The World Bank and International Monetary Fund are pressing governments to impose a price tag on planet-warming carbon dioxide emissions, using economic leverage and technical assistance that institutions like the United Nations cannot muster.
But the leaders of the World Bank, the I.M.F. and other major global institutions say cutting emissions enough to stave off the worst effects of climate change will not be possible unless all fossil fuel polluters are forced to pay for the carbon dioxide they emit.
“There is now an overwhelmingly obvious scientific consensus that the more carbon pollution we put into the air the more impact it has on warming the massive melting of the Arctic, the cycles of droughts and flooding, the die-offs of coral reefs,” the World Bank’s president, Jim Yong Kim, said in an interview. “And to our economists, who have been studying this for quite some time, there is an equally obvious consensus that putting a price on carbon pollution is by far the most powerful and efficient way to reduce emissions.”

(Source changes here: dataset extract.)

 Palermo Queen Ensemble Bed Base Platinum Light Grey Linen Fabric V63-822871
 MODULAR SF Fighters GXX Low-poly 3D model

He added, “We strongly urge people to prepare for the carbon pricing that is to come.”
The World Bank’s central mission is to alleviate global poverty, and in a twist on that mission, bank leaders have identified climate change as a key driver of poverty. A World Bank report last year concluded that climate change could beggar 100 million more people by 2030.
“We cannot poison the planet and thrive,” Mr. Kim said at the adoption of the Paris agreement in December.